A declaração inesperada de Donald Trump de que teria “boa química” com o presidente Luiz Inácio Lula da Silva e a promessa de uma conversa na semana seguinte sacudiram o tabuleiro político brasileiro — e não foi um tremor qualquer: foi um abalo que pegou de surpresa tanto o governo quanto os restos da trupe bolsonarista, que até ontem se julgava dona das portas de Washington. O episódio expõe, mais uma vez, como a geopolítica é jogo de cabo de guerra, mas também nos lembra que as relações internacionais não seguem roteiro definido pelos derrotados da última eleição.

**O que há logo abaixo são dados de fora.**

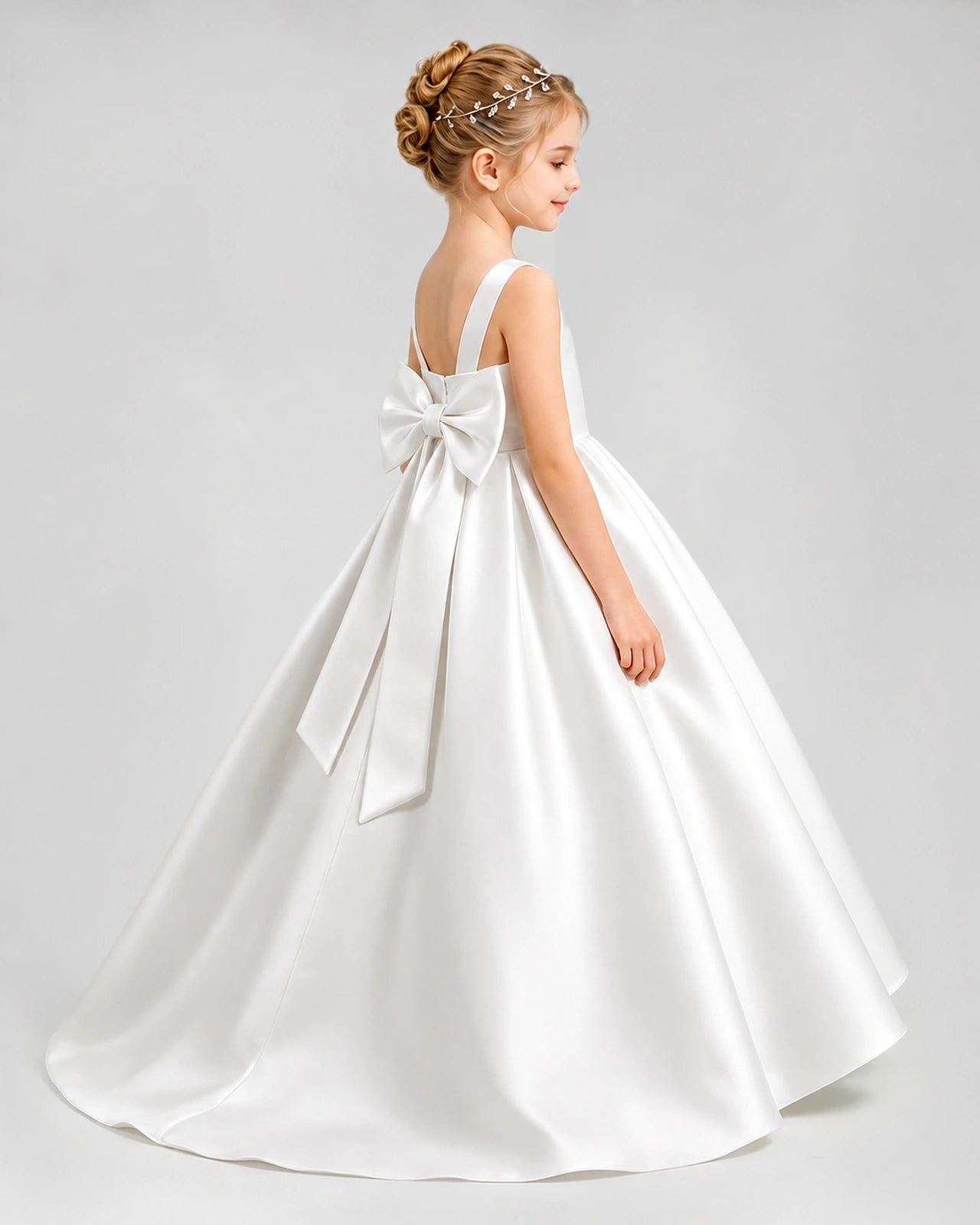 Dideyttawl Flower Girl Dress with Thick Straps and Statement Back Bow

“Tivemos boa química” — Donald Trump. A fala, solta de forma aparentemente espontânea durante um discurso na ONU, foi percebida por observadores e por parlamentares bolsonaristas como um fora do script: Trump vinha crítico e, de repente, faz um parêntese elogioso ao petista e anuncia abertura de diálogo direto. Resultado? Os aliados de Jair Bolsonaro, acostumados a colocar os pés na Casa Branca através de homens como Eduardo Bolsonaro e influenciadores simpáticos ao clã, viram-se deslocados. O terreno que eles julgavam consolidado passou a oscilar.
Uma nova interlocução, um novo jogo
A entrada de Lula nessa interlocução direta com a Casa Branca altera os canais de poder — e isso não é pouca coisa. Até aqui, os principais intermediários eram figuras ligadas à extrema-direita brasileira; agora, o chefe do Executivo brasileiro passa a ocupar a linha direta. É uma mudança que pode significar desde ajuste fino na pauta comercial até negociações mais amplas sobre política climática, investimento e, claro, sanções e sobretaxas.
Para os bolsonaristas, essa possibilidade é um pesadelo: perder influência nas negociações com os EUA significa perder o lastro de poder que lhes restava. Por isso o incômodo diante da fala de Trump, vista por aliados do ex-presidente como sinal de que acordos futuros poderiam minimizar medidas punitivas que o governo norte-americano impôs ao Brasil. E essa apreensão se mistura com um temor mais profundo: a de que suas redes de proteção diplomática estejam derretendo.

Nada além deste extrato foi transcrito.